Par Romain Burrel le 17/07/2019
Alex Ross Perry

Dans "Her Smell", Alex Ross Perry filme un groupe de grunge féminin en pleine déroute dans les années 90. Toute ressemblance avec une certaine Courtney Love n'est pas fortuite. Quoi qu'en dise son réalisateur...

Pour raconter le grunge au féminin, le réalisateur new-yorkais Alex Ross Perry a inventé She Something, groupe siphonné des années 90 en pleine descente de speed et au bord de l'implosion. 

Dans le rôle principal de ce faux biopic, Elisabeth Moss, campe une sorte de Courtney Love hors de contrôle, junky et parano. L’actrice, décidément passionnante (la star de la série « The Handmaid's Tale : La Servante écarlate », c’est elle), livre ici une performance furieuse et anti-glamour.

En arrière plan, le film est peuplé de personnages de musiciennes lesbiennes. Rencontre avec le cinéaste qui livre en passant quelques clés sur ce film fiévreux.

TÊTU : Quel groupe aviez-vous en tête quand vous avez écrit ce film ?

Plusieurs, en vérité. Pour qu’on y croit, il fallait répondre à plusieurs questions : combien de disques ont-elles vendu ? Sont-elles reconnues ou sont-elles des superstars ? Depuis combien de temps sont-elles dans le groupe ? En tant que groupe de filles à cette époque, sont-elles politiques ? De quoi parlent leurs chansons ? On a du réfléchir à tout ça.

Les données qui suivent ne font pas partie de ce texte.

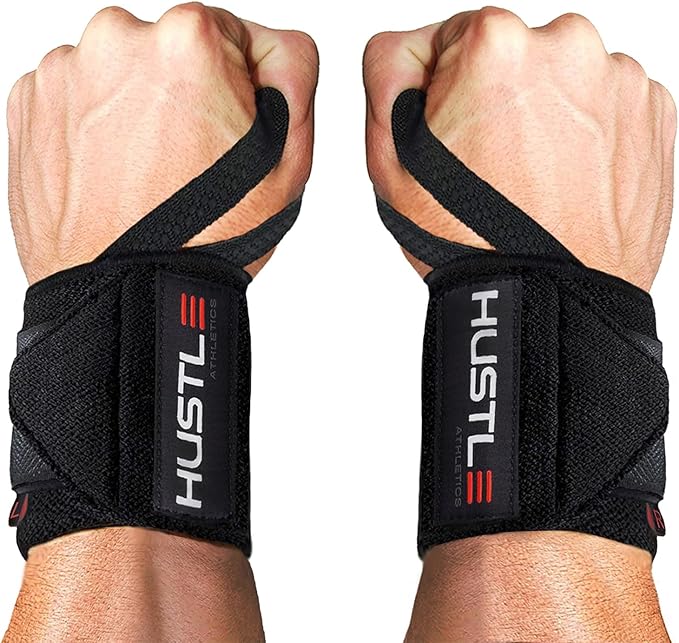Hustle Athletics Wrist Wraps for Weightlifting – Max Wrist Support for Safe & Heavy Lifts, USPA Approved 18" & 12" Lengths, Thumb Loop Gym Straps for Powerlifting & Weight Lifting for Men and Women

Et puis il a fallu leur imaginer un son, un son qui lorsqu’on l’entend, doit lui aussi nous raconter une histoire. She Something est une sorte de croisement entre les Breeders, Elastica, avec une petite touche de Veronica Salt. C’est-à-dire des groupes qui ont eu un énorme hit. Mais à part les Breeders, la plupart de ces formations sont parties en torche et se sont séparées après un tube ou un album à succès.

Vous avez fait vos devoirs ? Vous avez étudié cette période ?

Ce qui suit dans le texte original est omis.